→ **Requirement**
Output the data word for word. Begin at its first line and end at the line with "胫癣也出来了 颈部癣会扩大吗".

→ **Data to process**
┄┄┄┄┄┄

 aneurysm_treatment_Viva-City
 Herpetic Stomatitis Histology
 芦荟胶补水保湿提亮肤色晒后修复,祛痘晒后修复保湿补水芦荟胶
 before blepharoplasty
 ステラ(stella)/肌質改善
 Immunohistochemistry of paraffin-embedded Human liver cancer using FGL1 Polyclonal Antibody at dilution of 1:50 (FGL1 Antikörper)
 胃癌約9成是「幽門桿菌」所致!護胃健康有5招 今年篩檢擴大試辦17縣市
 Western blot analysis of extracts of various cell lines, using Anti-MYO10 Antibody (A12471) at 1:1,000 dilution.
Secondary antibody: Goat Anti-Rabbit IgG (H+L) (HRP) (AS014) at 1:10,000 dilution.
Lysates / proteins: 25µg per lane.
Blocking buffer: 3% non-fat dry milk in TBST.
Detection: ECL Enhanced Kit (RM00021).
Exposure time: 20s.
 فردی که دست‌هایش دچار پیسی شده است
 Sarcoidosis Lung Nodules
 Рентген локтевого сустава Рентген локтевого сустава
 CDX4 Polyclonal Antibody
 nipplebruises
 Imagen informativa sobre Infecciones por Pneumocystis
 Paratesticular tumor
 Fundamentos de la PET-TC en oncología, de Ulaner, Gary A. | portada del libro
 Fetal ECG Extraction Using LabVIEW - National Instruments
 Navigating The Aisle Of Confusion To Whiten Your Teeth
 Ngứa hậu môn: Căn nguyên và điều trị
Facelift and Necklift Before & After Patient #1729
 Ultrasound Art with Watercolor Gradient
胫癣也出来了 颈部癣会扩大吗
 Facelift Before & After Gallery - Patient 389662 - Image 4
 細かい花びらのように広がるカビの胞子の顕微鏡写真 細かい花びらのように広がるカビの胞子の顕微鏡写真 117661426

┄┄┄┄┄┄

→ **Problem solution**
 aneurysm_treatment_Viva-City
 Herpetic Stomatitis Histology
 芦荟胶补水保湿提亮肤色晒后修复,祛痘晒后修复保湿补水芦荟胶
 before blepharoplasty
 ステラ(stella)/肌質改善
 Immunohistochemistry of paraffin-embedded Human liver cancer using FGL1 Polyclonal Antibody at dilution of 1:50 (FGL1 Antikörper)
 胃癌約9成是「幽門桿菌」所致!護胃健康有5招 今年篩檢擴大試辦17縣市
 Western blot analysis of extracts of various cell lines, using Anti-MYO10 Antibody (A12471) at 1:1,000 dilution.
Secondary antibody: Goat Anti-Rabbit IgG (H+L) (HRP) (AS014) at 1:10,000 dilution.
Lysates / proteins: 25µg per lane.
Blocking buffer: 3% non-fat dry milk in TBST.
Detection: ECL Enhanced Kit (RM00021).
Exposure time: 20s.
 فردی که دست‌هایش دچار پیسی شده است
 Sarcoidosis Lung Nodules
 Рентген локтевого сустава Рентген локтевого сустава
 CDX4 Polyclonal Antibody
 nipplebruises
 Imagen informativa sobre Infecciones por Pneumocystis
 Paratesticular tumor
 Fundamentos de la PET-TC en oncología, de Ulaner, Gary A. | portada del libro
 Fetal ECG Extraction Using LabVIEW - National Instruments
 Navigating The Aisle Of Confusion To Whiten Your Teeth
 Ngứa hậu môn: Căn nguyên và điều trị
Facelift and Necklift Before & After Patient #1729
 Ultrasound Art with Watercolor Gradient
胫癣也出来了 颈部癣会扩大吗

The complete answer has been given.